Created attachment 370818 [details] Patch

Comment on attachment 370818 [details] Patch View in context: https://bugs.webkit.org/attachment.cgi?id=370818&action=review > Source/WebCore/ChangeLog:9 > + Add write barrier to JSValueInWrappedObject for garbage collection > + https://bugs.webkit.org/show_bug.cgi?id=198319 > + > + Reviewed by NOBODY (OOPS!). > + > + * bindings/js/JSValueInWrappedObject.h: > + (WebCore::cachedPropertyValue): What issue is this fixing? Can a regression test be added?

Comment on attachment 370818 [details] Patch View in context: https://bugs.webkit.org/attachment.cgi?id=370818&action=review >> Source/WebCore/ChangeLog:9 >> + (WebCore::cachedPropertyValue): > > What issue is this fixing? Can a regression test be added? Without a write barrier, it's possible that "value" can be collected before value can be prematurely collected. We also have an issue with JSValueInWrappedObject's m_value using Variant without any lock. Since m_value can be read concurrency in a GC thread, that is also unsafe.

Comment on attachment 370818 [details] Patch This looks good to me. I don’t expect you to write a test for missing write barriers.

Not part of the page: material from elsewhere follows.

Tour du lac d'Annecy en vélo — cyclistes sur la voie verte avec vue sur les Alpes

Comment on attachment 370818 [details] Patch I’m excited that using a class for this means we can fix this across the entire project with a single patch. In fact it is part of what I intended when I created this class, which tried to standardize an idiom that was spread out inconsistently across a lot of code. Like Sam, I’d like to know more about how we can tell if we’ve done it right and detect future mistakes. Even if it’s not a something we can make a regression test for, what technique can we use to increase our confidence?

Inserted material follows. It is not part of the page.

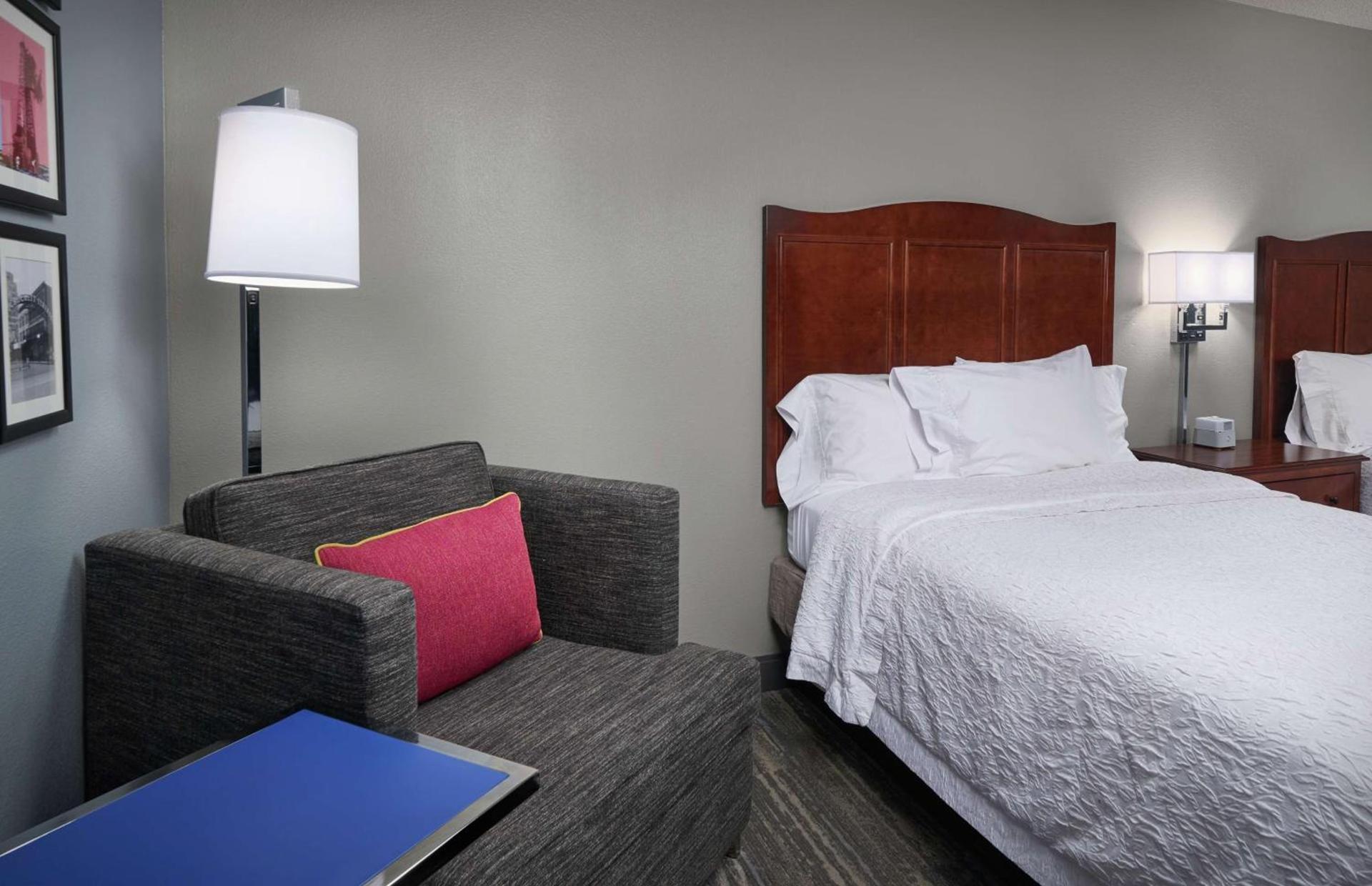 Hampton Inn Beaumont photo 18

Created attachment 424042 [details] Patch for landing

Committed r274890: <https://commits.webkit.org/r274890> All reviewed patches have been landed. Closing bug and clearing flags on attachment 424042 [details].

<rdar://problem/75749358>

(In reply to Darin Adler from comment #5) > Comment on attachment 370818 [details] > Patch > > I’m excited that using a class for this means we can fix this across the > entire project with a single patch. In fact it is part of what I intended > when I created this class, which tried to standardize an idiom that was > spread out inconsistently across a lot of code. > > Like Sam, I’d like to know more about how we can tell if we’ve done it right > and detect future mistakes. Even if it’s not a something we can make a > regression test for, what technique can we use to increase our confidence? I think this is a tough question. It's akin to using a raw pointer without realizing that an object could have been deleted before the pointer value is cleared. Other than things like ASAN and GuardMalloc, there isn't really a way for us to detect such a bad pointer. I think the situation is similar here and harder because we don't have an equivalent tool. Perhaps, we can do something like what we're trying to do with the smart pointer and come up with some kind of rule we can just follow?